10 Reasons Your Realtor Will Lie to You
In any occupation where large sums of money are involved, there will be people who use deception and trickery to be successful. Realty is no exception. Some, not all, realtors are going to lie to buyers and sellers alike in order to make those big commissions. Those who do resort to dishonesty certainly have their motives. Here are 10 reasons why your realtor might lie to you:
- One reason a realtor lies is to exaggerate their success as a realtor. They will post misleading info on their websites, for instance, to convince clients that they have more listings and close on more properties than they actually do.
- The actual condition of a home on the market is one of the most common motives for unethical realtors to be less than honest. They will focus on the assets of a property. and glance over problem areas, for the sake of a sale.
- Realtors will sometimes claim that there is another offer pending on a home in order to create a sense of urgency in prospective buyers. When they show the home to someone, realtors want to make them believe that there is a high demand for that property.
- Lying about the stability and attractiveness of a real estate area is another common ploy among dishonest realtors. They will offer glowing praise of the community, school district, crime rates, and available shopping.
- Some realtors will cite inflated property values of surrounding homes. They want to mislead the client into believing that a listed home is a better investment than it really is. It’s always best to look up public records of property assessments.
- You may be lied to about the previous owners as well. You want to know if they were not particularly sanitary or conscientious about maintenance; whether they had any pest control issues, etc.
- Some homes with unsavory pasts might discourage clients from buying them. If, for instance, a house had been the scene of a grisly crime, a family would understandably be apprehensive about calling it home.
- A trick some realtors like to use is to first show a client some unattractive and overpriced homes in an area before unveiling the “pearl” they really want to unload on you. By creating a stark contrast between those first homes and the one they want to sell you, the realtor makes that one look like a dream home.

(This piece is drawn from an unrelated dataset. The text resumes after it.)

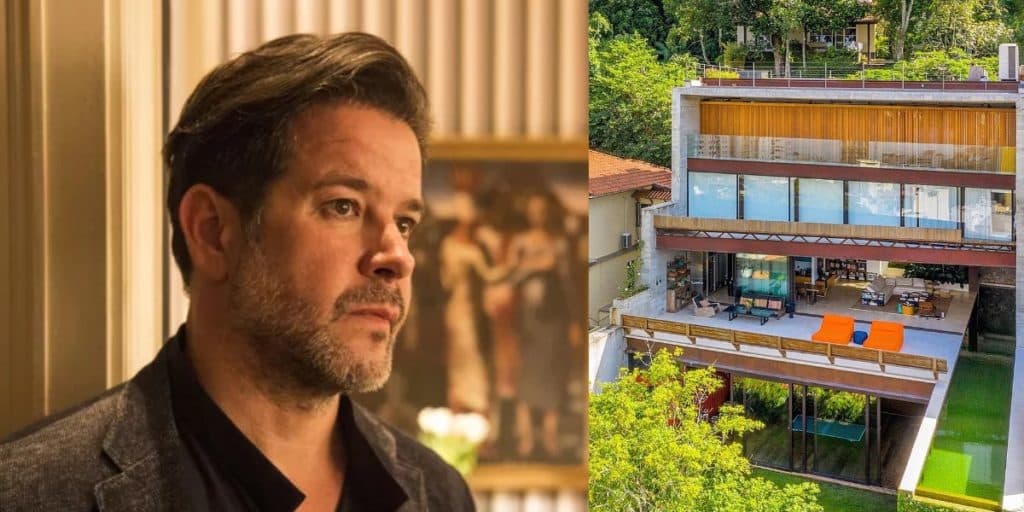 Murilo Benício mora em mansão milionária pendurada em morro e com navio enfiado no subsolo; veja fotos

- “It’s the right time to buy”. While this may be true at a given time, this pitch is always made regardless of the actual market. When a client hears it, their first reaction should be to ask why, and to expect a valid demonstrable explanation.
- Realtors will also claim to a prospective buyer that their commission is paid by the seller. While this is technically true, the price of the home will almost certainly include that commission cost, thus passing the burden onto the buyer.